Par-delà les chiffres et les tendances, quels ont été les auteurs brésiliens publiés en Argentine ? Quels facteurs ont contribué à leur traduction-édition ? Comment ont évolué les conditions de réception de la « culture brésilienne » au long des années ?
 
Ébauche de périodisation
 
 
On peut distinguer quatre périodes que j’appellerai: expérimentale (jusqu’en 1937), nationaliste (1937-1945), marchande (1945-1985) et d’internationalisation (à partir de 1985). Ces étiquettes cherchent à faire ressortir la prédominance d’un facteur sur les autres, et la reconfigurationt des tensions entre forces publiques et privées, nationales et internationales, entre l’État, la culture, la politique et le marché.
La première période inclut les années antérieures à 1937, quand l’édition d’auteurs brésiliens n’était que sporadique. À partir de 1937, il ne se passa pas une seule année sans publication de titres d’auteurs brésiliens. Pour un total provisoire de 400 titres en première édition lancés entre 1937 et 1994, la moyenne est de 7 titres par an. En 1937, on observe une importante transformation, à savoir l’apparition de deux collections consacrées exclusivement à l’édition d’auteurs brésiliens: la Biblioteca de Novelistas Brasileños (Bibliothèque de romanciers brésiliens), et la Biblioteca de Autores Brasileños Traducidos al Castellano (Bibliothèque d’auteurs brésiliens traduits en espagnol). Leur présence s’est affaiblie vers le milieu des années 1940, lorsque des fluctuations de l’offre et de la demande propres aux marchés éditoriaux déjà institutionnalisés dans les deux pays commencèrent à s’imposer. Le regroupement d’auteurs en tant que «brésiliens» n’était plus un impératif pour leur reconnaissance; certains commencèrent à jouir d’une reconnaissance publique, jusqu’à devenir de vrais best-sellers dans les cas de Érico Veríssimo et Monteiro Lobato. Vers la fin des années 1950, la célébrité de Jorge Amado s’établit à partir de sa reprise par les éditions Futuro et, dès les années 1970, commença le succès «scolaire» de José Mauro de Vasconcelos. À cette époque, apparurent aussi des éditions «sans réédition», des paris plutôt risqués engagés par des maisons d’édition assez diverses sur un nombre d’auteurs qui inclut un échantillon significatif du panthéon de la littérature brésilienne. Enfin, la traduction d’un ensemble d’auteurs de littérature pour enfants dans les années 1980 est un indicateur de l’internationalisation du marché éditorial, phénomène qui s’est cristallisé dans les années 1990 avec la diffusion de Paulo Coelho, auteur lancé dans le monde hispanophone par une petite maison d’édition de Buenos Aires.
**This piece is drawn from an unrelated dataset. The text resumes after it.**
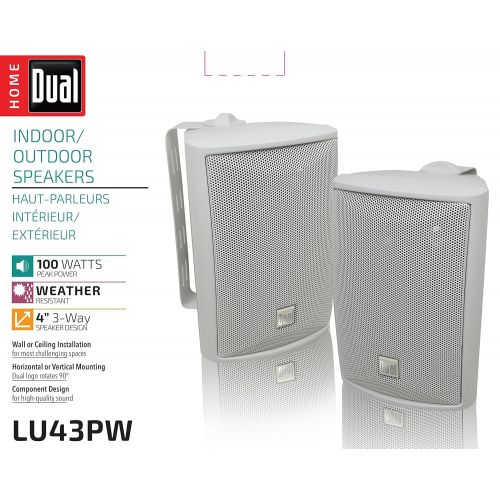  Dual Electronics LU43PW 3-Way High Performance Outdoor Indoor Speakers with Powerful Bass | Effortless Mounting Swivel Brackets | All Weather Resistance | Expansive Stereo Sound Co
Les références d’auteurs argentins [12] à la «littérature brésilienne» étaient déjà apparues vers le milieu du xixe siècle. Elles étaient partie intégrante du processus d’invention d’une littérature et d’une culture argentines. Significatif du jeu d’altérités, ce recours symbolique devait rendre possible «l’émancipation de l’esprit américain» [13]. Cependant, la publication d’auteurs brésiliens ne fut possible qu’au début du xxe siècle. Le projet des éditions La Nación, qui diffusèrent les premières traductions, fut lancé par Emilio Mitre en 1901. Son impact consolida l’hégémonie culturelle du principal journal argentin – du même nom – entre la fin du xixe siècle et le milieu du xxe. Jusqu’en 1920, cette maison publia 872 titres à 1 500 000 exemplaires [14]. Accompagnant la croissance rapide de la population alphabétisée [15], elle fut dans cette période la principale voie d’édition de la littérature argentine et universelle à Buenos Aires et dans les grandes villes de province. En accord avec les nouveaux goûts des classes en ascension, le catalogue comprenait des «classiques de la littérature universelle» (Goethe, Shakespeare, Ibsen, Tchekhov, Twain, Eça de Queiróz, Tolstoï), beaucoup de romans français (Émile Zola, Jules Verne, Alexandre Dumas, Jules Mery, Paul Féval), et vingt auteurs argentins (C. Ocantos, M. Podestá, D. F. Sarmiento, G. Daireaux, C. Bunge, B. Mitre, E. Vedia…), qui assuraient cependant des bénéfices symboliques majeurs à une collection qui devait justifier son nom. Les auteurs brésiliens étaient représentés par quelques-unes des œuvres consacrées de la génération de 1870: Memorias póstumas de Bráz Cubas et Essaú y Jacob de Machado de Assis, El Mulato de Aluísio Azevedo, Os Rosais de Arthur Lobo, La Esfinge de Afrânio Peixoto, Canaan de Graça Aranha.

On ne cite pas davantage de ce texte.